Ghio Davide, Dandi Yatin, Krzakala Florent, Zdeborová Lenka
Information, Learning and Physics Laboratory, École Polytechnique Fédérale de Lausanne, Lausanne CH-1015, Switzerland.
Statistical Physics of Computation Laboratory, École Polytechnique Fédérale de Lausanne, Lausanne CH-1015, Switzerland.
Proc Natl Acad Sci U S A. 2024 Jul 2;121(27):e2311810121. doi: 10.1073/pnas.2311810121. Epub 2024 Jun 24.
Recent years witnessed the development of powerful generative models based on flows, diffusion, or autoregressive neural networks, achieving remarkable success in generating data from examples with applications in a broad range of areas. A theoretical analysis of the performance and understanding of the limitations of these methods remain, however, challenging. In this paper, we undertake a step in this direction by analyzing the efficiency of sampling by these methods on a class of problems with a known probability distribution and comparing it with the sampling performance of more traditional methods such as the Monte Carlo Markov chain and Langevin dynamics. We focus on a class of probability distribution widely studied in the statistical physics of disordered systems that relate to spin glasses, statistical inference, and constraint satisfaction problems. We leverage the fact that sampling via flow-based, diffusion-based, or autoregressive networks methods can be equivalently mapped to the analysis of a Bayes optimal denoising of a modified probability measure. Our findings demonstrate that these methods encounter difficulties in sampling stemming from the presence of a first-order phase transition along the algorithm's denoising path. Our conclusions go both ways: We identify regions of parameters where these methods are unable to sample efficiently, while that is possible using standard Monte Carlo or Langevin approaches. We also identify regions where the opposite happens: standard approaches are inefficient while the discussed generative methods work well.

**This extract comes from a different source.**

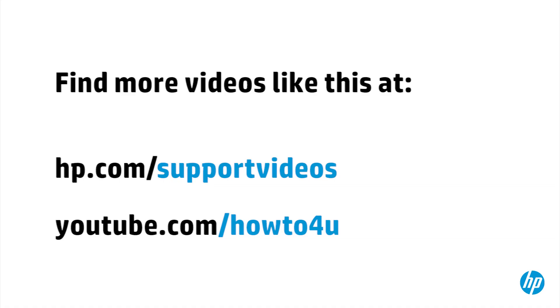You can find additional helpful videos at hp.com/supportvideos and on our YouTube channel, youtube.com/howto4u.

近年来,基于流、扩散或自回归神经网络的强大生成模型得到了发展,在从示例生成数据方面取得了显著成功,并在广泛领域得到应用。然而,对这些方法的性能进行理论分析并理解其局限性仍然具有挑战性。在本文中,我们朝着这个方向迈出了一步,通过分析这些方法在一类具有已知概率分布的问题上的采样效率,并将其与更传统的方法(如蒙特卡罗马尔可夫链和朗之万动力学)的采样性能进行比较。我们关注一类在无序系统统计物理学中广泛研究的概率分布,这些分布与自旋玻璃、统计推断和约束满足问题相关。我们利用这样一个事实,即通过基于流、基于扩散或自回归网络的方法进行采样可以等效地映射到对修改后的概率测度的贝叶斯最优去噪分析。我们的研究结果表明,这些方法在采样时遇到困难,这源于算法去噪路径上存在一阶相变。我们的结论有两方面:我们确定了这些方法无法有效采样的参数区域,而使用标准蒙特卡罗或朗之万方法则是可行的。我们还确定了相反情况发生的区域:标准方法效率低下,而所讨论的生成方法效果良好。